Convolutional Neural Network pipeline for pixel-wise recognition of cars in an image.

Primary LanguagePython

RockTheBoar

Code written as part of the Kaggle Carvana Image Masking Challenge. The overal goal of this competition was to design an algorithm to accurately mask cars in images.

This network was used for our final submission. The architecture is a 12 layer autoencoder-style fully convolutional neural network - 6 convolutional layers followed by 6 deconvolutional layers. Dice co-effecient is used as a accuracy metric, and Adaptive Moment Estimation (Adam) is used for gradient descent optimization.

The network is trained on images of cars, each at 16 different angles, with corresponding masks as targets.
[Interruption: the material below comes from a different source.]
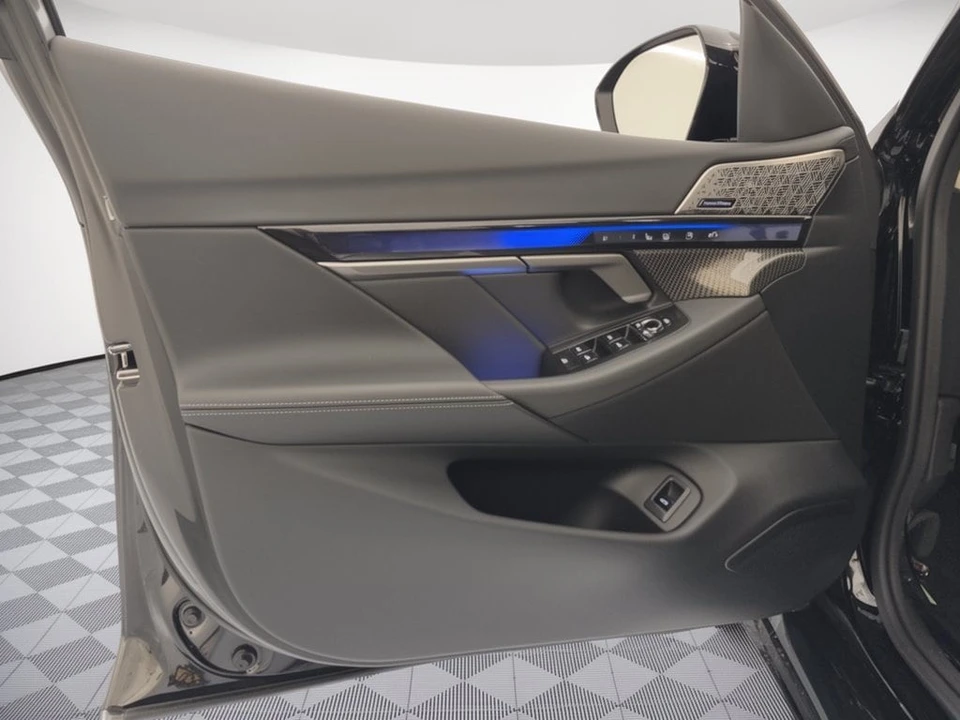 2027 BMW G90/G99 M5 - Image 13 of 29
The fully trained network provides a pixel-wise "probability of car" estimate.

Functions of some of the key scripts:

  • convnet_architecture_12l.py: The network architecture, written in tensorflow.
  • train_network.py: The training framework.
  • input_pipeline.py: Image loading functions.
  • infer_function.py: Loads the trained model for inference on test images.
  • filter_csv.py: Post-processing pipeline with tuned filtering, smoothing and tuned filtering.

Initial Prototyping for a simple convolutional network of 3 layers is implemented. The input/output pipelines were forked from Bruno G. do Amaral's Naive Keras model. Network architecture can be edited in simple_model.py.

Authors

Donald Lee-Brown(@dleebrown), Sinan Deger(@sinandeger) and Nesar Ramachandra (@nesar)